The MIT Club of South Florida hosts Laura Knott of the MIT program in art, culture and technology (ACT)

MIT ACT program coming to South Florida for Art Basel Miami Beach 2016.

Join Laura Knott consulting curator for 2016 on a discussion about Miami Beach and Art Basel. A curator, editor, and author, Laura Knott specializes in work created at the intersections of art and technology. She has had an active art career as well, with presentations of her work at the documenta exhibition, on public television, and in venues ranging from the California desert to a revolving door on the MIT campus.  A graduate of the Center for Advanced Visual Studies at MIT, Laura studied environmental art and performance with Otto Piene and took every film and video course offered at the Media Lab by Ricky Leacock and Glorianna Davenport. Laura was trained as a choreographer. She was the first dance graduate of Duke University, where she also studied political science and international relations. In 1998, she created Worldwide Simultaneous Dance, in which dancers danced at the same time in 11 countries around the world, live streamed. At ACT, Laura is working on projects related to the CAVS 50th anniversary.

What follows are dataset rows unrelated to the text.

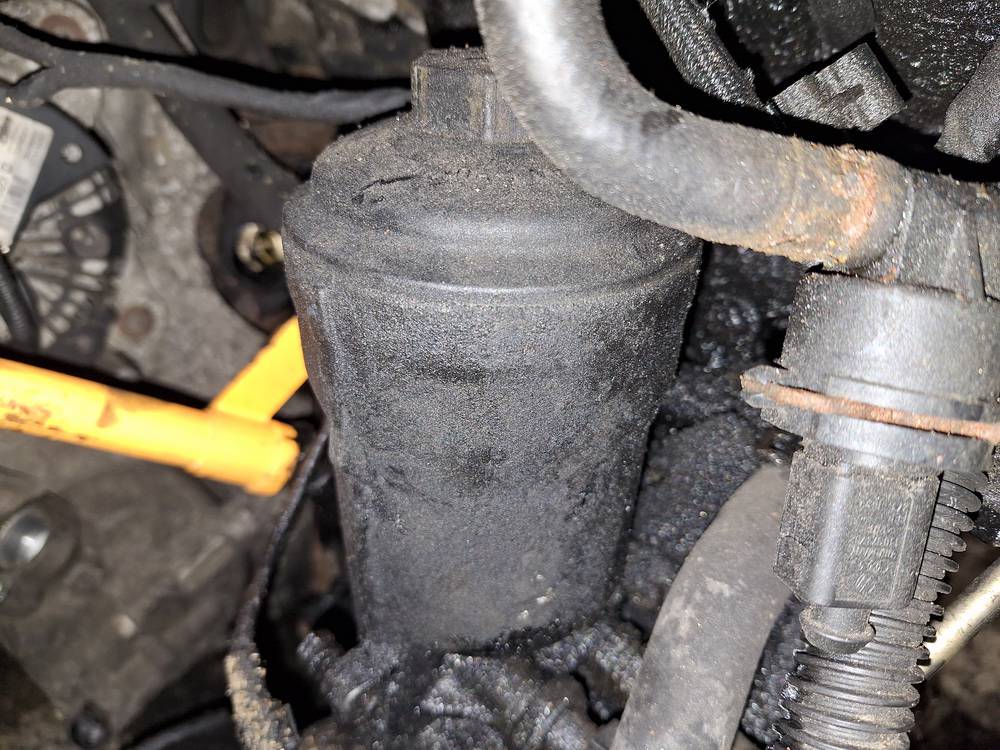 Skoda Octavia 2008 Obudowa filtra oleju - Thumbnail 3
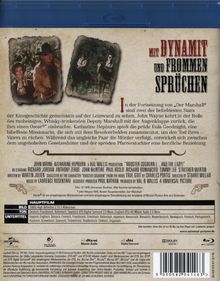Mit Dynamit und frommen Sprüchen (Blu-ray), Blu-ray Disc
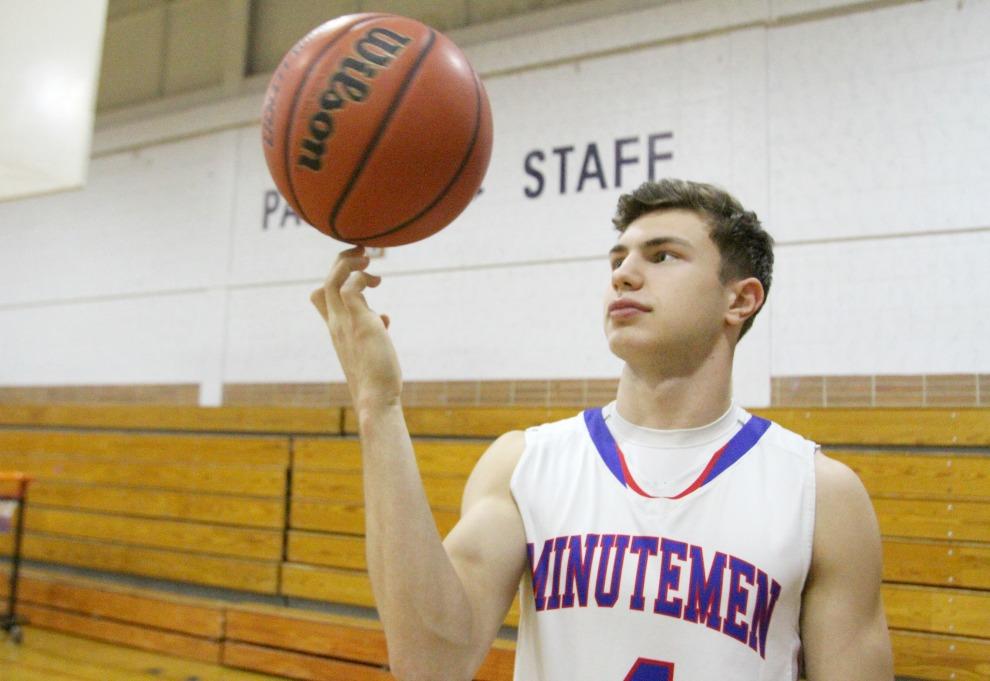 Spencer Cook of Washington Twp. is the South Jersey Times boys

The MIT Program in Art, Culture and Technology (ACT) is an academic program and hub of critical art practice and discourse within the School of Architecture and Planning. ACT is headed by distinguished artist-professors and supported by a dynamic cast of practitioner graduate students and staff, visiting artist-lecturers, affiliates, and guests. Through an integrated approach to pedagogy, hosting, public event programming, and publication, ACT builds a community of artist-thinkers around the exploration of art’s complex conjunctions with culture and technology. It is not an art school in the traditional sense. The program’s mission is to promote leadership in critical artistic practice and deployment, developing art as a vital means of experimenting with new registers of knowledge and new modes of valuation and expression; and to continually question what an artistic research and learning environment can be and do.